Why Your AI Model Fails on Rare Words: A Showdown Between SGD and Adam

Akram Chauhan
Akram Chauhan
8 min read42 views
Why Your AI Model Fails on Rare Words: A Showdown Between SGD and Adam

Have you ever tried to have a conversation in a really loud room? You can easily hear the person shouting right next to you, but you have to strain to catch what the quiet person across the room is saying. You might miss their most important points entirely.

Believe it or not, this is a massive problem for the AI models we use every day, especially giant language models. They're trained on mountains of text where some words, like "the" or "a," are the loud people in the room—they show up constantly. But other words, rare but often crucial ones like "photosynthesis" or "thalweg," are the quiet ones. They only appear once in a blue moon.

This creates a hidden challenge for how these models learn.
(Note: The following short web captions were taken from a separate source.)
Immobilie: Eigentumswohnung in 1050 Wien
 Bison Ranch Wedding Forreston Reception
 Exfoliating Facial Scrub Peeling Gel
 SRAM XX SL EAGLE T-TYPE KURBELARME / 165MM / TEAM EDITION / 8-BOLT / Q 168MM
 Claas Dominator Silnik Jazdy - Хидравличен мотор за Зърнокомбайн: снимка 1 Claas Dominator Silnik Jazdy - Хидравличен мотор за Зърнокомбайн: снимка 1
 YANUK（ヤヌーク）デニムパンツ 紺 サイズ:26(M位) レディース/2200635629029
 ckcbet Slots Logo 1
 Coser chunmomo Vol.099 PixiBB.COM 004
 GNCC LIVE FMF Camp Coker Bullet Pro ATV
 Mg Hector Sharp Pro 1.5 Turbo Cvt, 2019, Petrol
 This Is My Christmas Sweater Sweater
The old-school, workhorse training method, called Stochastic Gradient Descent (or SGD), is a bit like a person who can't tune out the noise. It gives the same amount of attention to every word. The result? The model gets really, really good at understanding "the," but the rare, quiet words get left behind, barely learned at all.

This is where a smarter algorithm called Adam comes in. And today, we're going to pull back the curtain and see exactly how Adam saves the day. We’ll even build a tiny "lab" with some code to watch this battle play out in real-time.

The Heart of the Problem: Everyone Gets the Same Paycheck

To understand why SGD struggles, you have to know a little about how models learn. Think of it like tuning a massive soundboard with millions of knobs. Each knob (a "parameter" or "weight") controls how much the model pays attention to a specific word or feature.

When we train the model, we show it an example, see how wrong its prediction is, and then calculate a "gradient." This gradient is just a set of directions telling us which way to turn each knob to get a better result. SGD takes these directions and nudges every single knob by the exact same amount, a value we call the "learning rate."

Now, imagine the word "the" appears in 95% of your sentences. Its knob gets a little nudge almost every single time. It learns fast.

But what about the word "thalweg" (it’s a real word, I promise—it means the lowest point in a valley)? It might only appear in 0.1% of sentences. Its knob might go thousands of training steps without getting a single nudge. Since SGD gives it the same tiny nudge as "the," it basically never moves from its starting, random position. It remains unlearned.

This isn't just a small flaw; it's a fundamental weakness. SGD is blind to frequency.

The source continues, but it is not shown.